After trailing police and making notes on their behaviour towards the local Aboriginal community, this group had soon amassed a vast amount of incriminating evidence. The notes they had made were enough to persuade Hal Wootten, Dean of Law at the University of New South Wales, to assist them in setting up their own shopfront Aboriginal Legal Service of New South Wales. This organisation, established in October 1970, was the first in that state to be conceived, established and controlled by Aborigines since the Aborigines' Progressive Association in 1937.

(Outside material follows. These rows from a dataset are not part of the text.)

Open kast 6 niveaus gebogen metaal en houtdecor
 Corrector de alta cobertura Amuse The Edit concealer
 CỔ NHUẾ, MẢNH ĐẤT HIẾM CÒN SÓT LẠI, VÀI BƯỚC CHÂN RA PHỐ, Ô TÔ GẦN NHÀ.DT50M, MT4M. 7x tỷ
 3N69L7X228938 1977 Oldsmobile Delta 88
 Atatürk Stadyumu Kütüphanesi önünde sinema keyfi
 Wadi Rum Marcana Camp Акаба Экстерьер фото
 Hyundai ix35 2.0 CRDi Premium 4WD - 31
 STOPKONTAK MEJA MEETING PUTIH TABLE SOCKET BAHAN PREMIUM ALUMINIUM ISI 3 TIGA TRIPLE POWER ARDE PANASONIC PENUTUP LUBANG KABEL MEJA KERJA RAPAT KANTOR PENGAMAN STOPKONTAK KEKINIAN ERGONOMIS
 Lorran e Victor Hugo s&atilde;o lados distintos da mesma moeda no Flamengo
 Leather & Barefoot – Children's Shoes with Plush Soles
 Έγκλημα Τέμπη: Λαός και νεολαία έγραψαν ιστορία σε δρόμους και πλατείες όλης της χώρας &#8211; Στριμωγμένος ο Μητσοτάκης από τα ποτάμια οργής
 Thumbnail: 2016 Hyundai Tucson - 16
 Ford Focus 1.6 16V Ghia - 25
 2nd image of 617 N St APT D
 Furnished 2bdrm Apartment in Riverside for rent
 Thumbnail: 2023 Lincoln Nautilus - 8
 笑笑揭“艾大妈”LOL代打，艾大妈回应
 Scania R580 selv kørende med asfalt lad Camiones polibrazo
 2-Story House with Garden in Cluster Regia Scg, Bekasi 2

The success of the New South Wales ALS soon inspired other Indigenous Australians to tackle their own community policing and legal problems. The South Australian Aboriginal Legal Rights Movement was established in November 1971. In Victoria, activists from the Aborigines' Advancement League helped to establish the Victorian Legal Service in June 1972 with assistance from law academics at Monash University. This replaced the ad hoc representation that the Aborigines' Advancement League had often arranged for local Aboriginal people appearing before court. Queensland and Western Australia also established voluntary services in 1972, and there was an Aboriginal Legal Service in every State and Territory by 1974. Although the legal services have worked closely with sympathetic white professionals, they were founded upon the principle of Indigenous self-determination and, by extension, as part of a continuing resistance to dispossession.